═══ GIVEN DATA ═══
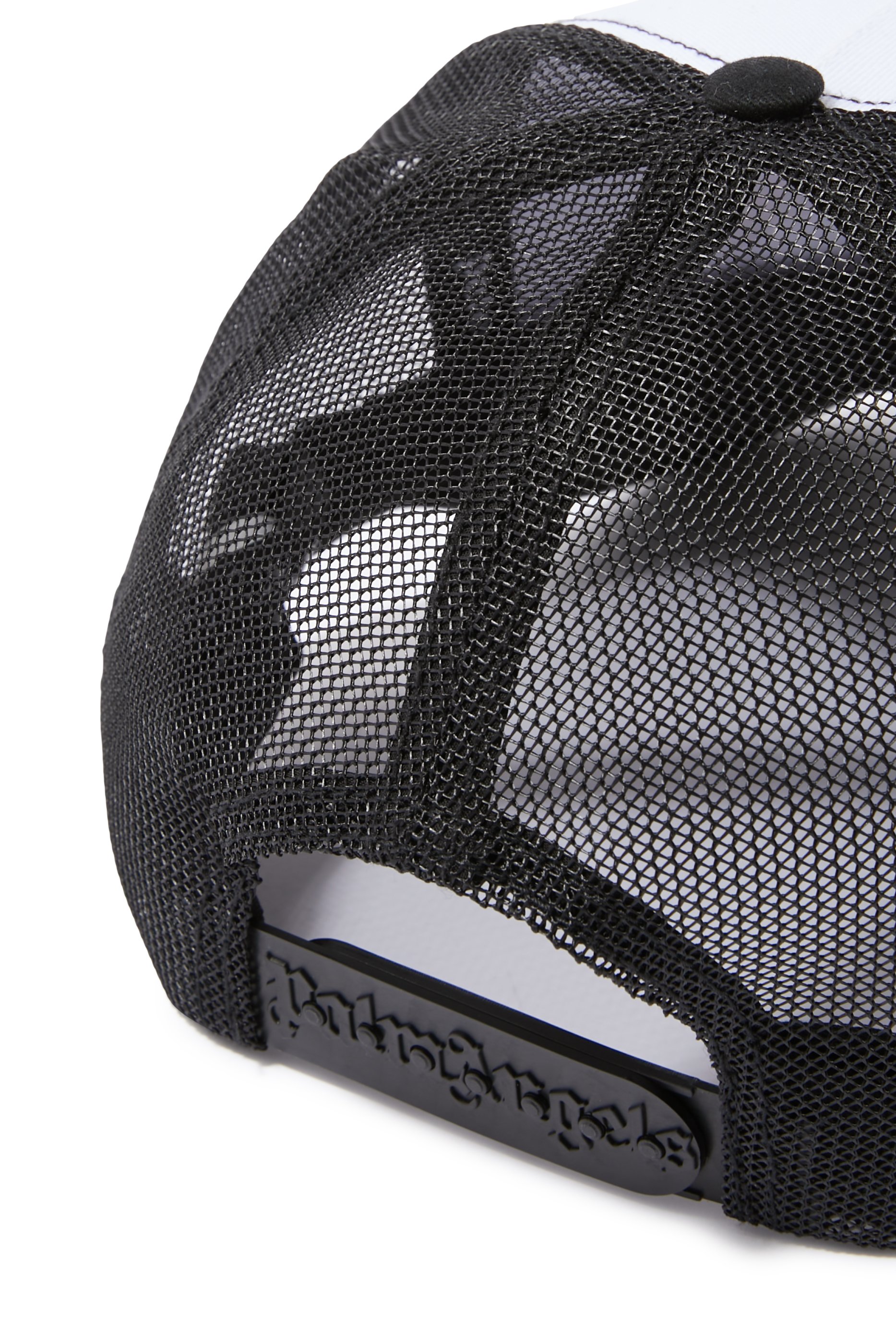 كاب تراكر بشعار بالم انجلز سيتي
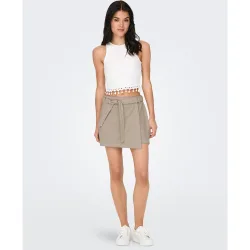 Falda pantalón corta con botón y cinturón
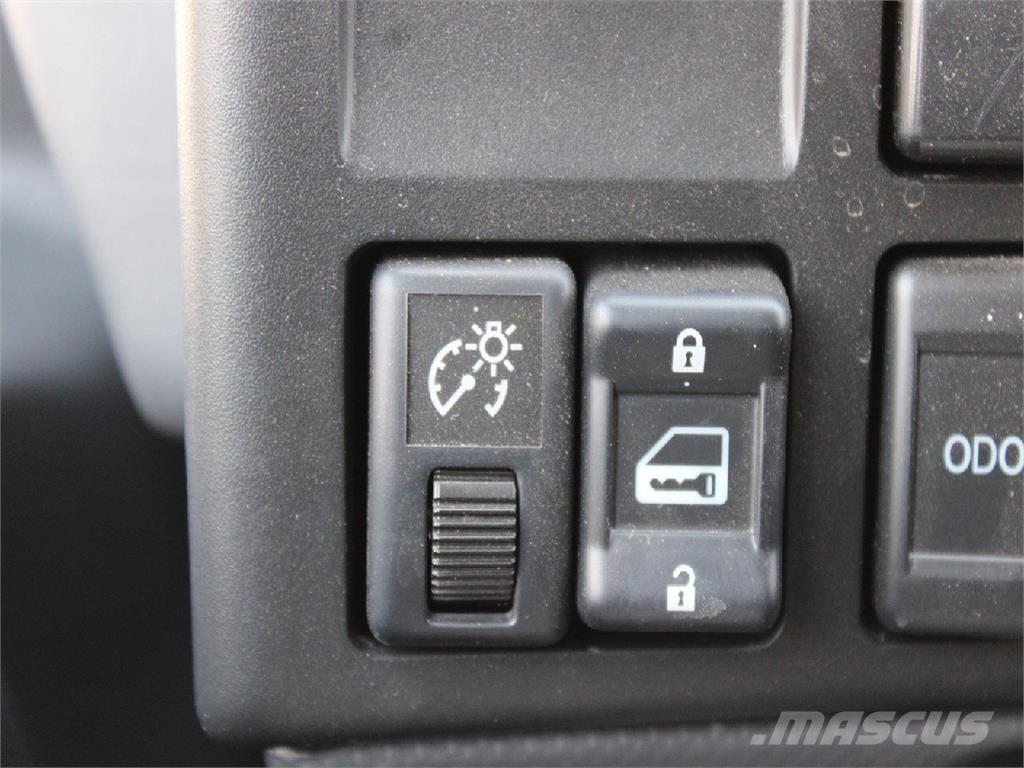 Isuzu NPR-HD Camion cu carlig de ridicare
═══
**WHAT IS REQUIRED**
Copy the full listing above exactly, apart from the pictures.

**THE ANSWER**
 كاب تراكر بشعار بالم انجلز سيتي
 Falda pantalón corta con botón y cinturón
 Isuzu NPR-HD Camion cu carlig de ridicare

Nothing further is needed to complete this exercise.